**Data extracts**

──────────────────────────────

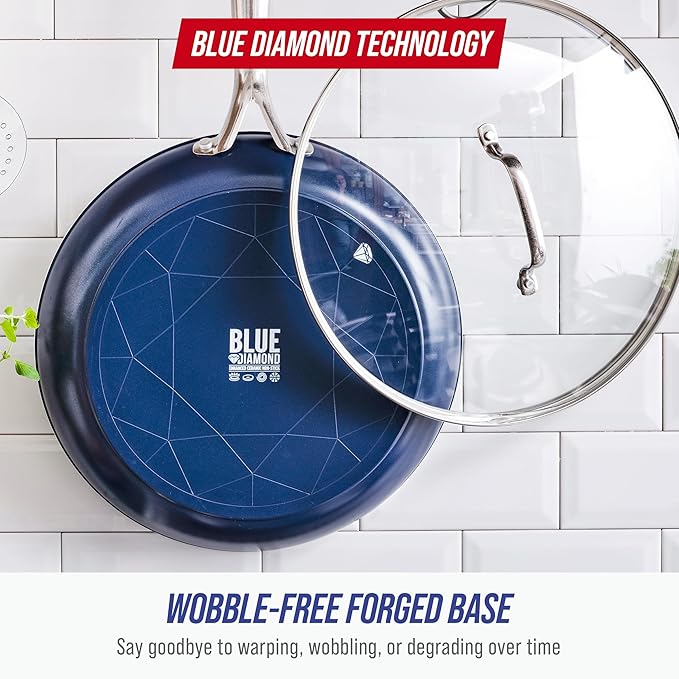 Blue Diamond 12" Nonstick Frying Pan with Lid, Diamond Infused PFAS & PTFE-Free Ceramic Skillet, Dishwasher & Oven Safe, Stay Cool Handle, Durable Non Toxic Metal Utensil Safe, Glass Lid, Blue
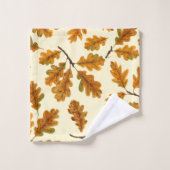 Autumnal-Eicheneiche-Blätter auf weiß Badhandtuch Set (Waschlappen)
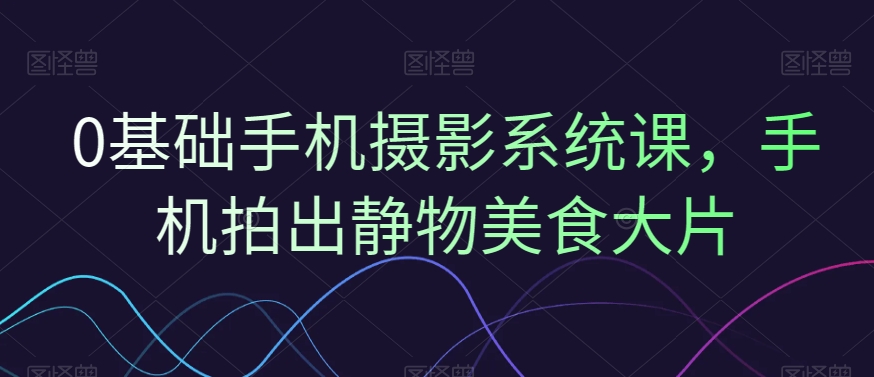 0基础手机摄影系统课，手机拍出静物美食大片-八号资源库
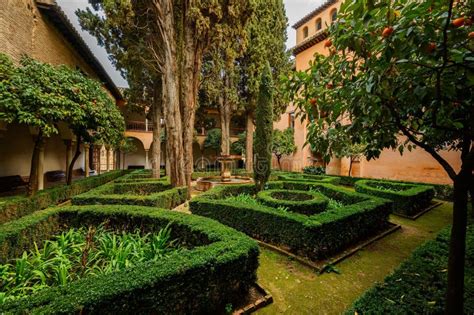 The Daraxas Garden On Nasrid Palaces Alhambra Granada Spain Stock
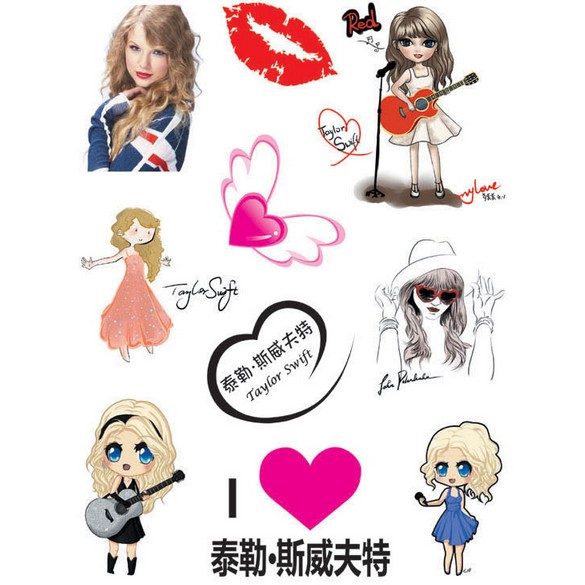 Taylor Swift Cartoon Logo Tattoo Sticker 5 Pack Shopee Malaysia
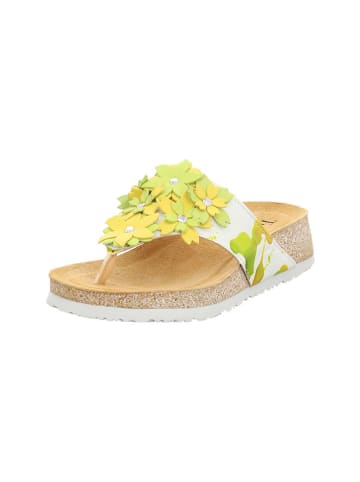 Think! Leren teenslippers wit/geel/groen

──────────────────────────────

**What you will do**
Output the records above in their entirety and exactly, leaving out all images.

**Written response**
 Blue Diamond 12" Nonstick Frying Pan with Lid, Diamond Infused PFAS & PTFE-Free Ceramic Skillet, Dishwasher & Oven Safe, Stay Cool Handle, Durable Non Toxic Metal Utensil Safe, Glass Lid, Blue
 Autumnal-Eicheneiche-Blätter auf weiß Badhandtuch Set (Waschlappen)
 0基础手机摄影系统课，手机拍出静物美食大片-八号资源库
 The Daraxas Garden On Nasrid Palaces Alhambra Granada Spain Stock
 Taylor Swift Cartoon Logo Tattoo Sticker 5 Pack Shopee Malaysia
 Think! Leren teenslippers wit/geel/groen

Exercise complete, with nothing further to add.